**Exercise**
In the listing that follows, find the line with "Smart Motion Sensor Light", then copy exactly from it through the line with "slomart dux ducis", leaving out every picture.

**Data for analysis**
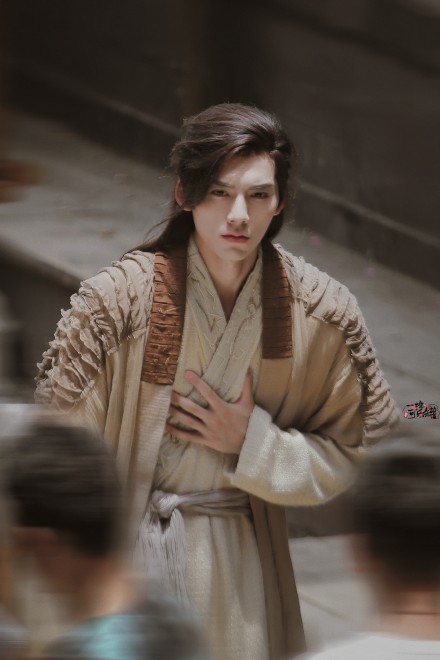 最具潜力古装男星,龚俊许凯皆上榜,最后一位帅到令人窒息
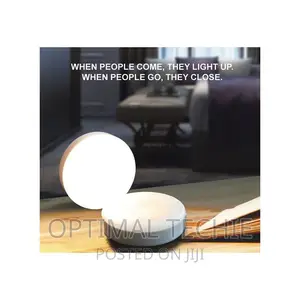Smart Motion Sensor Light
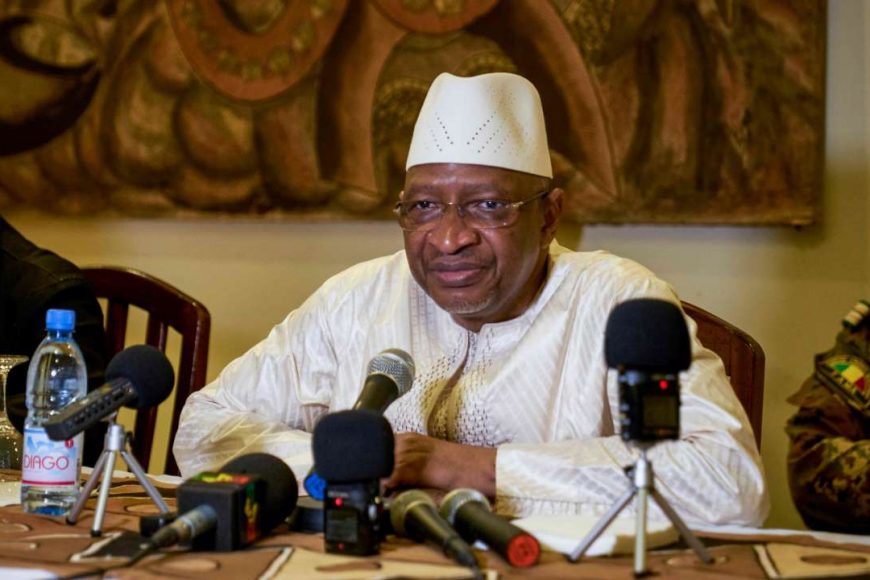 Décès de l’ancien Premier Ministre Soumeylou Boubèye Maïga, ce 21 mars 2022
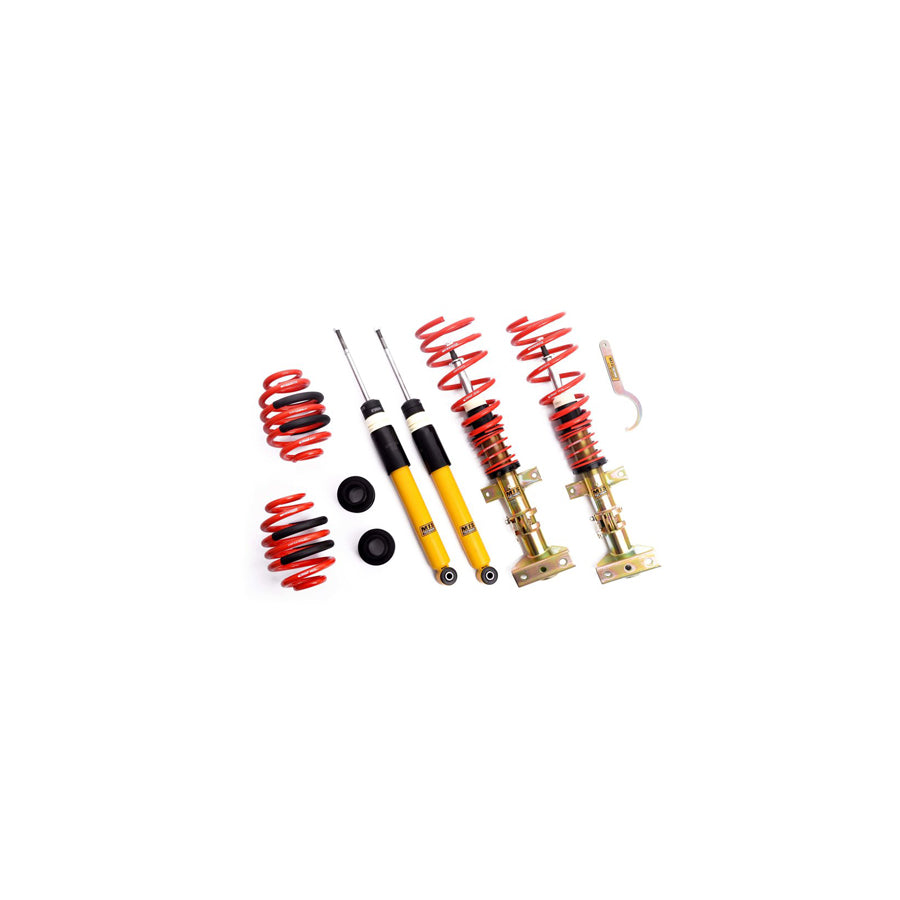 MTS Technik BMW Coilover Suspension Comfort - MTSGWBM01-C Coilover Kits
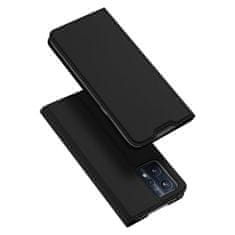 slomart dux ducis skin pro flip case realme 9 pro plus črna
==
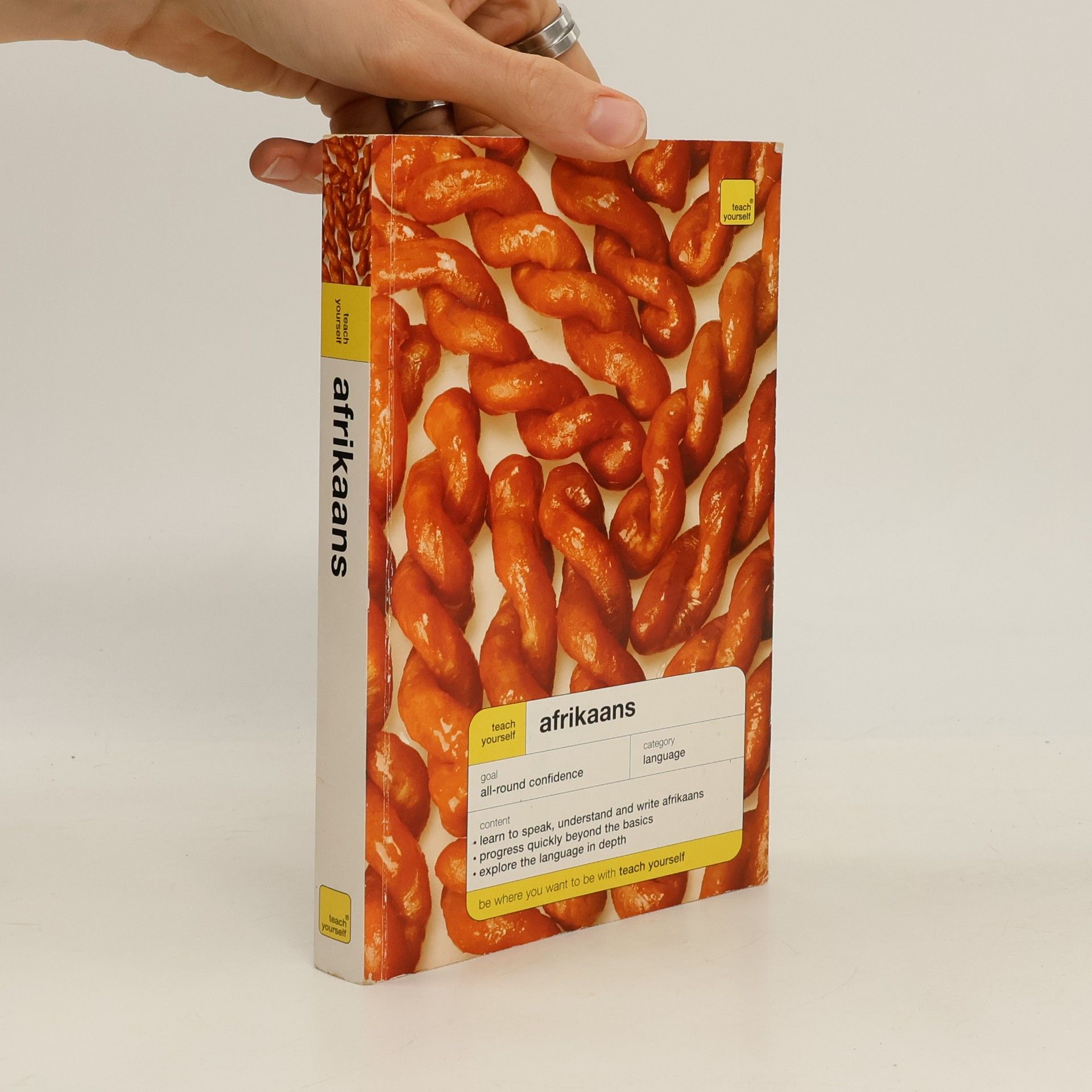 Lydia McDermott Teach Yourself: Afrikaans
...
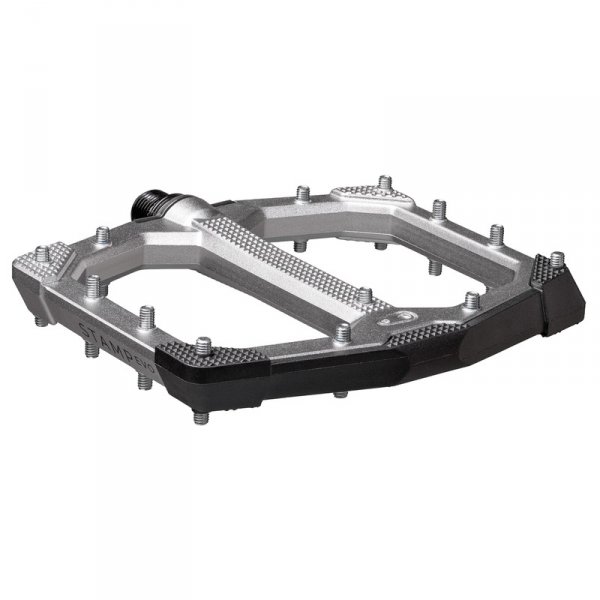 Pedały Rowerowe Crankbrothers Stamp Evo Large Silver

**Exercise answer**
Smart Motion Sensor Light
 Décès de l’ancien Premier Ministre Soumeylou Boubèye Maïga, ce 21 mars 2022
 MTS Technik BMW Coilover Suspension Comfort - MTSGWBM01-C Coilover Kits
 slomart dux ducis skin pro flip case realme 9 pro plus črna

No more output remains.